The Rights Issue was completed earlier than the scheduled date due to strong oversubscription, with numbers of new institutional investors from Taiwan and overseas participated, enabling Lin BioScience to further strengthen its financial position and shareholding structure for long-term growth.

LBS-008 and Its Development Status

LBS-008 is a first-in-class oral small molecule RBP4 specific antagonist aimed to treat atrophic Age-related Macular Degeneration (commonly known as dry AMD) and Stargardt disease, an inherited juvenile form of macular degeneration. LBS-008 has completed its Phase I clinical trials in health volunteers and the data has demonstrated LBS-008’s superiority in safety and RBP4 lowering capability. LBS-008 is expected to enter global Phase 3 clinical trial in 2021.

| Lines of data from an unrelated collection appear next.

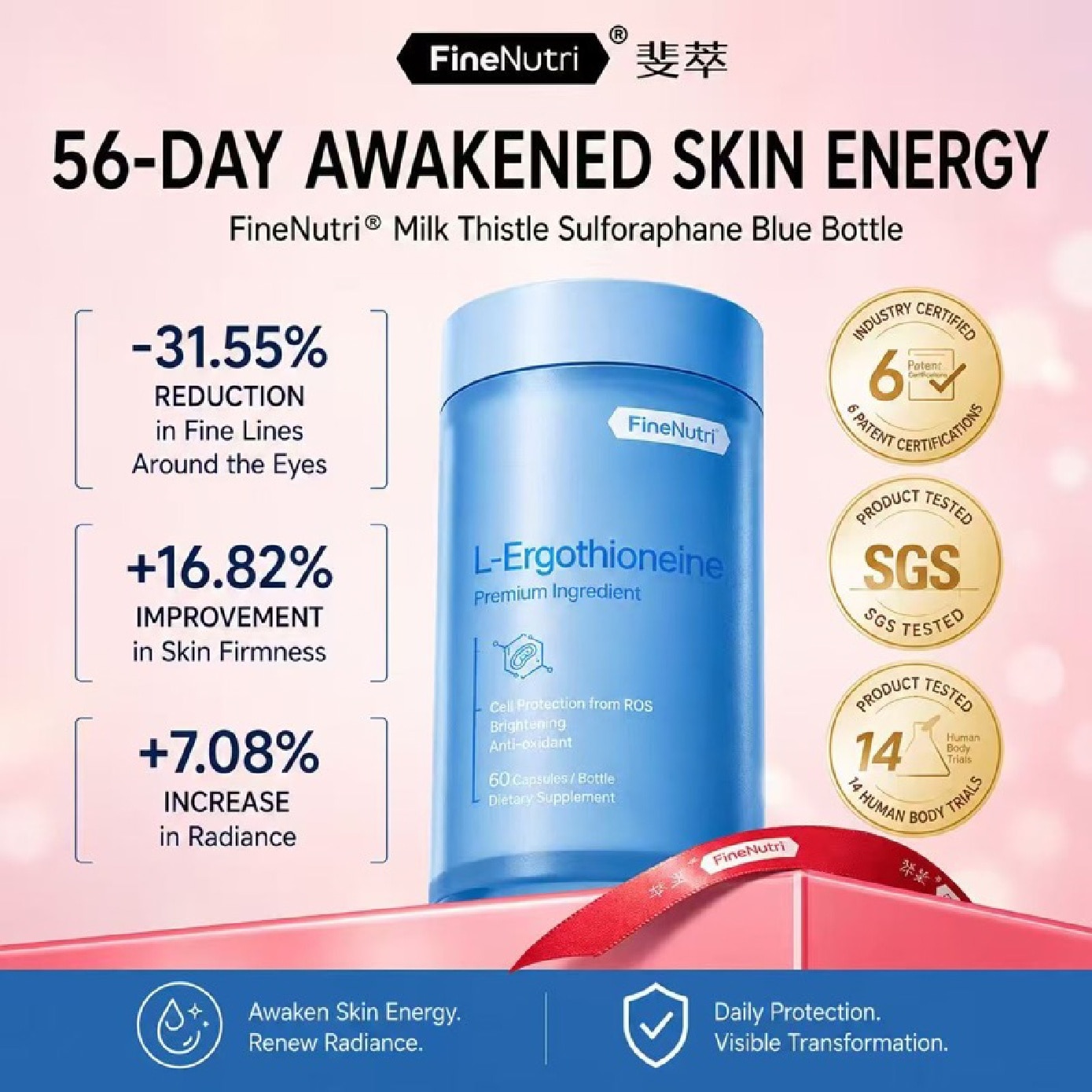 L-Ergothioneine Cellular Antioxidant Capsule 60s image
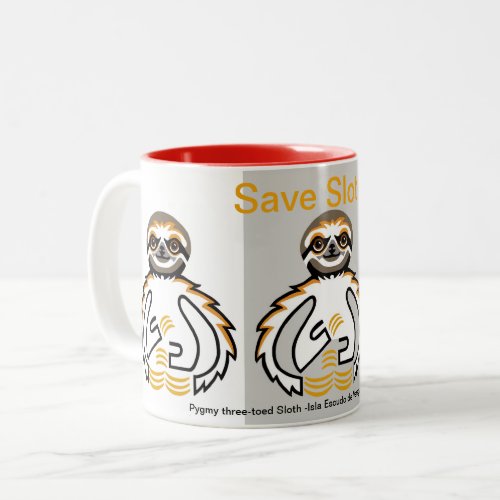 Endangered animal_ Save SLOTHS _ Wildlife _ Nature Two_Tone Coffee Mug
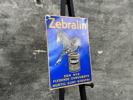 Zebralin Blikskilt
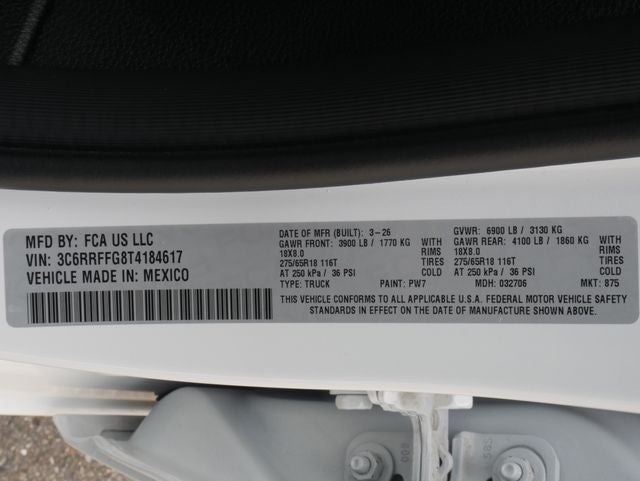 2026 RAM Ram 1500 Big Horn/Lone Star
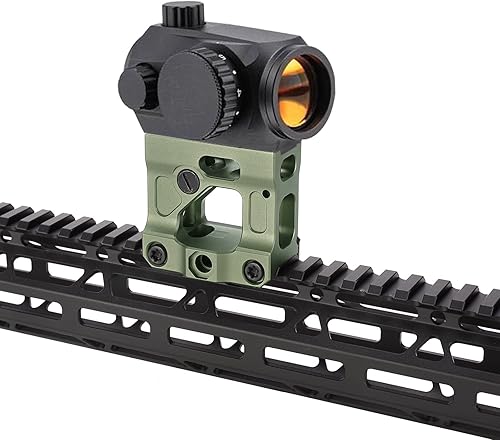 Miniatura 2 de Phoking - Monturas elevadoras de micro puntos rojos Picatinny para mira óptica T1 T2 H1 H2 que acepta todas las ópticas de microhuella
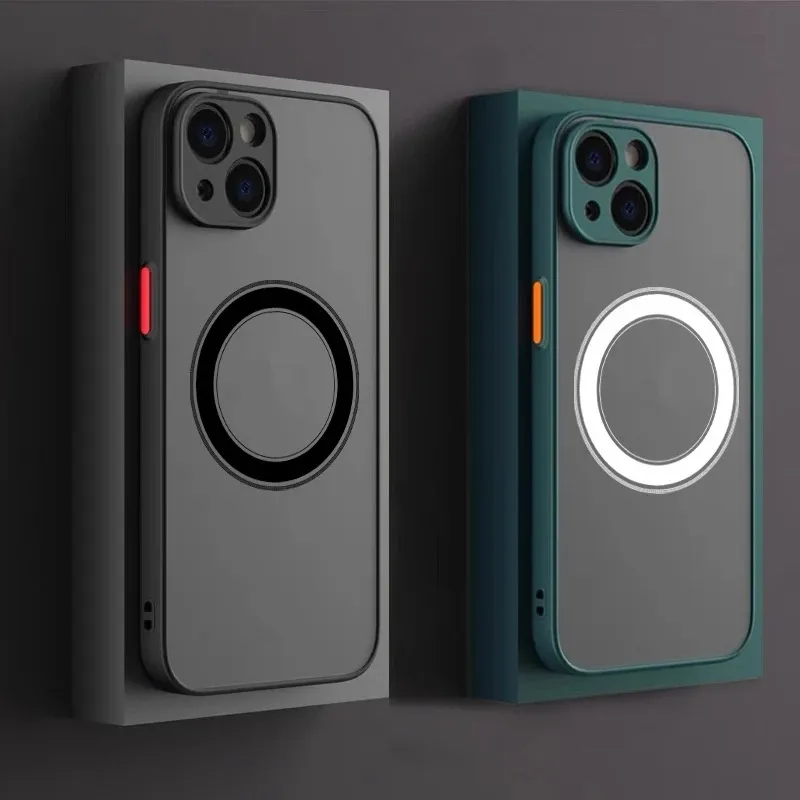 Magnetic Wireless Full-body Matte Protective Case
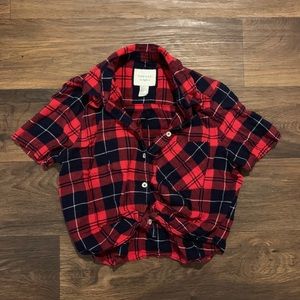 Forever 21 cropped flannel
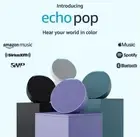 Amazon Echo Pop | Compact Smart Speaker with Alexa | Full Sound | Teal | $40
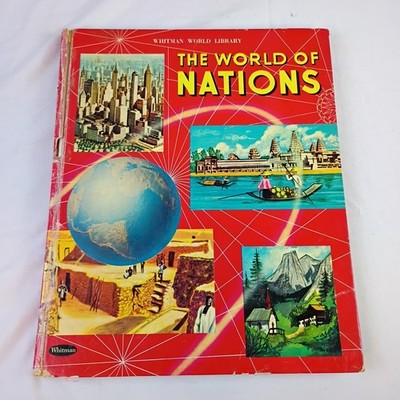 The World of Nations by Duncan Taylor & Louise Cochrane Hardcover 1963 Whitman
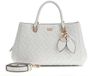 GUESS Sally Triple Compartment Satchel White wit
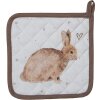 Clayre & Eef BSLC45K Potholder Niño Beige Marrón 16x16 cm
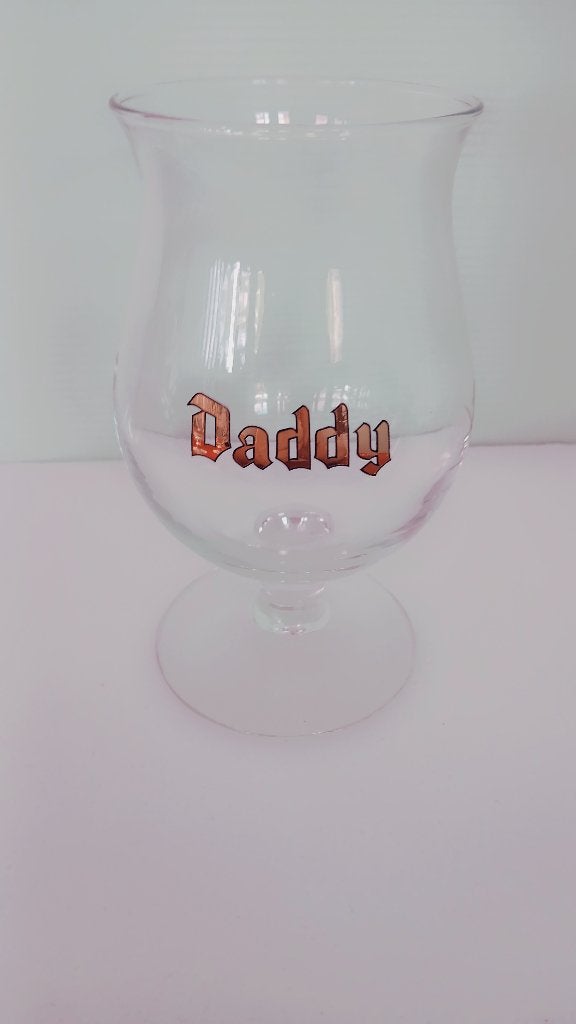 Mooi DUVEL DADDY staand glas in perfecte staat, Verzamelen, Biermerken, Zo goed als nieuw, Glas of Glazen, Duvel, Ophalen of Verzenden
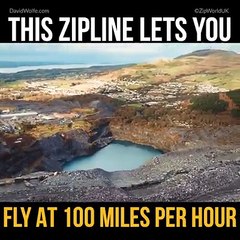 This Zipline Lets You Fly At 100 MPH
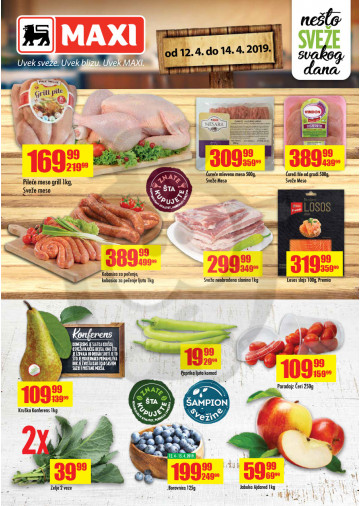 Maxi Vikend Akcija 12 04 14 04 2019 Kuda U Kupovinu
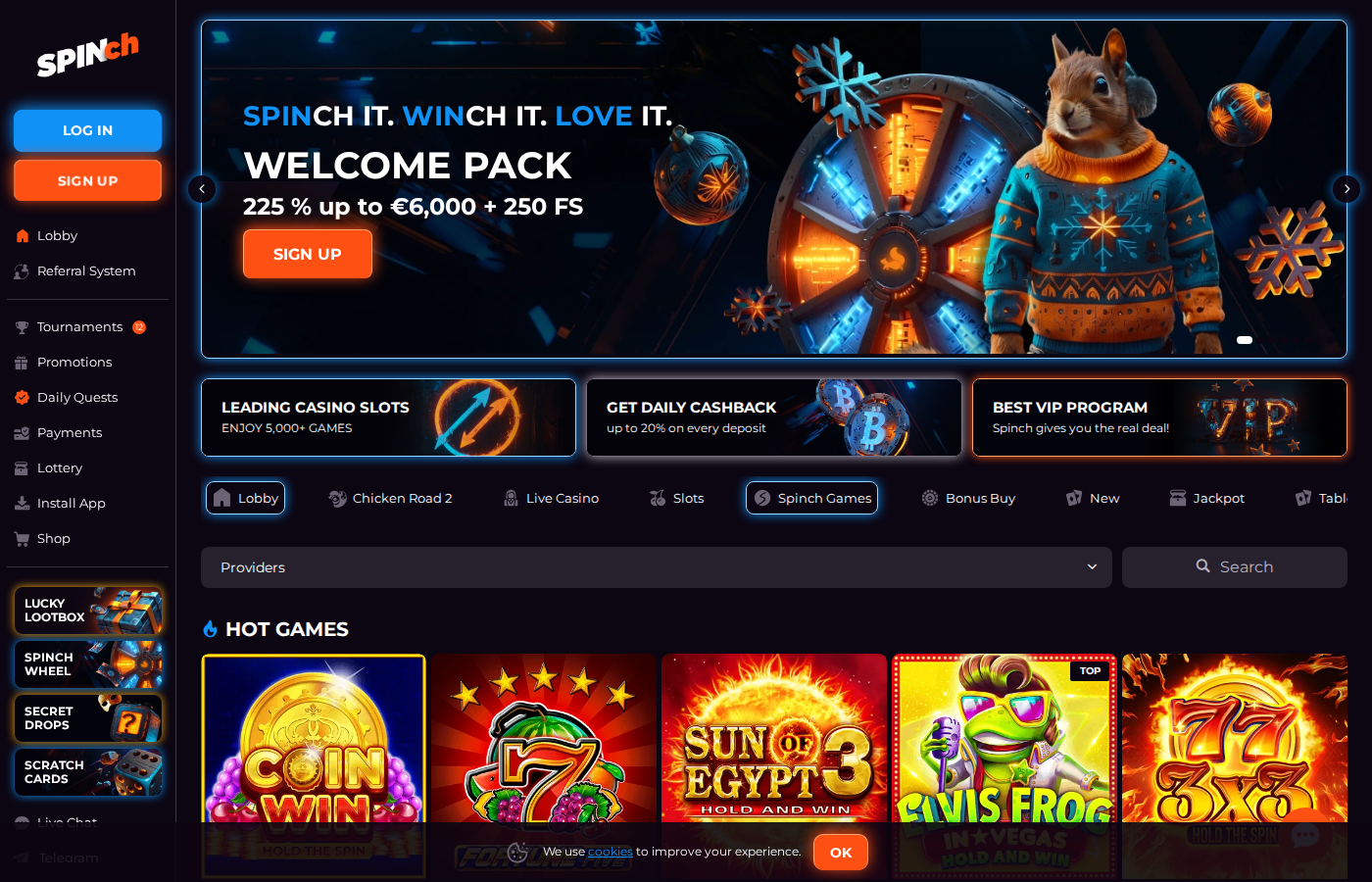 Spinch desktop screenshot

LBS-008 Regulatory Achievements

LBS-008 has received the US and EU orphan drug designation (ODD) in 2017 and 2018, and rare pediatric disease designation (RPD) from the FDA in 2018 for the treatment of Stargardt disease.

LBS-008 Mechanism of Action

LBS-008 is a first-in-class oral therapy that prevents the buildup of toxins in the eye that cause Stargardt disease and contribute to dry AMD. The toxins are by-products of the eye’s visual cycle which are produced from vitamin A. LBS-008 works by reducing and modulating a carrier protein, Retinol-Binding Protein 4 (RBP4), that is to transport vitamin A to the eye. LBS-008 does not directly interfere with the visual cycle, and therefore is unlikely to affect the visual cycle rate.